Yeah, 2 weeks in a row, I heard a promo for a new Young Justice while watching Green Lantern. Then nothing would record and I finally decided to put on my investigator hat.


----------



## scooterboy (Mar 27, 2001)

I only noticed two weeks ago because I record this along with GL every saturday morning. I got a new GL episode and wondered why no Young Justice. I looked at the guide for the following saturday, noticed the name change, and set up the Invasion SP in time for the repeat on sunday morning.


----------



## doom1701 (May 15, 2001)

My Comcast box has picked up everything, so either their guide data doesn't reflect the new name, or they use some other kind of logic.


----------



## Figaro (Nov 10, 2003)

Show came back for two weeks and was then put on ani unannounced hiatus until 2013. Thanks for nothing Cartoon Network.


----------



## Peter000 (Apr 15, 2002)

Figaro said:


> Show came back for two weeks and was then put on ani unannounced hiatus until 2013. Thanks for nothing Cartoon Network.


Boo!


----------



## scooterboy (Mar 27, 2001)

Huh. I was wondering why my YJ and GL recordings from saturday morning were of some "how to train your dragon" show...


----------



## whitson77 (Nov 10, 2002)

Figaro said:


> Show came back for two weeks and was then put on ani unannounced hiatus until 2013. Thanks for nothing Cartoon Network.


I'm bitter about the Thundercats reboot cancellation as well. It was great!


----------



## morac (Mar 14, 2003)

whitson77 said:


> I'm bitter about the Thundercats reboot cancellation as well. It was great!


Technically it wasn't cancelled, but it might as well have been since no one is working on it. I agree it's a shame.


----------



## morac (Mar 14, 2003)

scooterboy said:


> Huh. I was wondering why my YJ and GL recordings from saturday morning were of some "how to train your dragon" show...

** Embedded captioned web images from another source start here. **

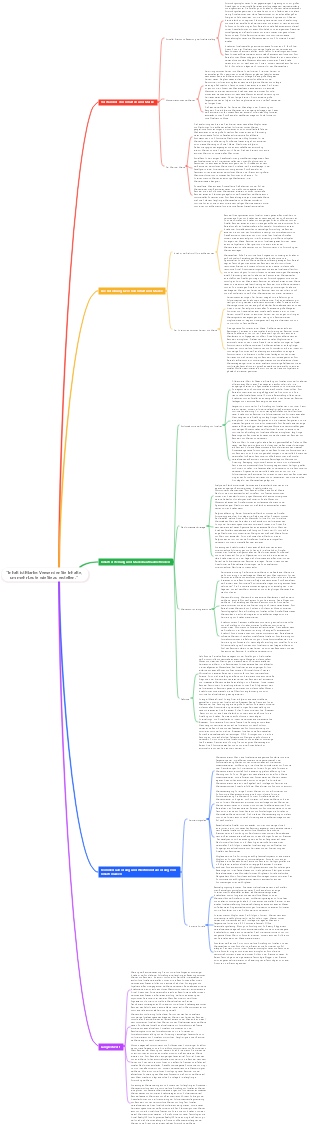 Inhalt ist Marke Verwenden Sie Inhalte, um mehr Leute wie Sie zu erstellen.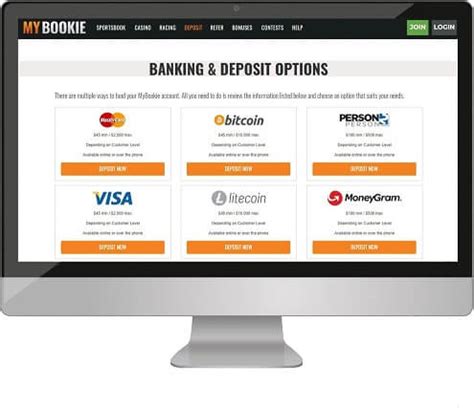 mybookie payout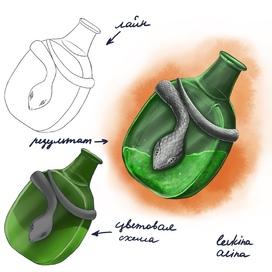 Стекляшка змейка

Yeah that sucks, especially since when the show comes back the air date will say those episodes will have already aired so it's likely the TiVo won't record them. The episodes were on iTunes, but were pulled.


----------



## Malcontent (Sep 5, 2004)

Figaro said:


> Show came back for two weeks and was then put on ani unannounced hiatus until 2013. Thanks for nothing Cartoon Network.


FYI,

This past weeks episodes of 'Young Justice' and 'Green Lantern' (10-13-12) didn't air on broadcast tv but are available via magical means (sourced from iTunes most likely).


----------



## scooterboy (Mar 27, 2001)

Damn - just watched it and that's quite a cliff-hanger to go on hiatus with.

(found it on tvtorrents)


----------



## Figaro (Nov 10, 2003)

I know the YJ was up on YouTube. I wasn't aware that the GL episode was available anywhere.


----------



## morac (Mar 14, 2003)

This has started airing again, but because the air dates are wrong, "new" Season Passes won't pick it up. There was a new episode today. It will repeat tomorrow morning. The next few weeks have the wrong air date as well.


----------



## Peter000 (Apr 15, 2002)

morac said:


> This has started airing again, but because the air dates are wrong, "new" Season Passes won't pick it up. There was a new episode today. It will repeat tomorrow morning. The next few weeks have the wrong air date as well.


Thanks for the heads up!


----------



## Figaro (Nov 10, 2003)

Mine recorded but I might have repeats set for recording too.


----------



## scooterboy (Mar 27, 2001)

Thanks. I'll adjust my SP and get the missed episode via magical means


----------



## scooterboy (Mar 27, 2001)

Damn - can't find it anywhere.


----------



## morac (Mar 14, 2003)

scooterboy said:


> Damn - can't find it anywhere.


https://www.google.com/search?q=you...858,d.eWU&fp=f4f0531f9dfe2196&biw=768&bih=928


----------



## scooterboy (Mar 27, 2001)

morac said:


> https://www.google.com/search?q=you...858,d.eWU&fp=f4f0531f9dfe2196&biw=768&bih=928


I saw that one last fall - I thought we were talking about a new episode?


----------



## Malcontent (Sep 5, 2004)

scooterboy said:


> I saw that one last fall - I thought we were talking about a new episode?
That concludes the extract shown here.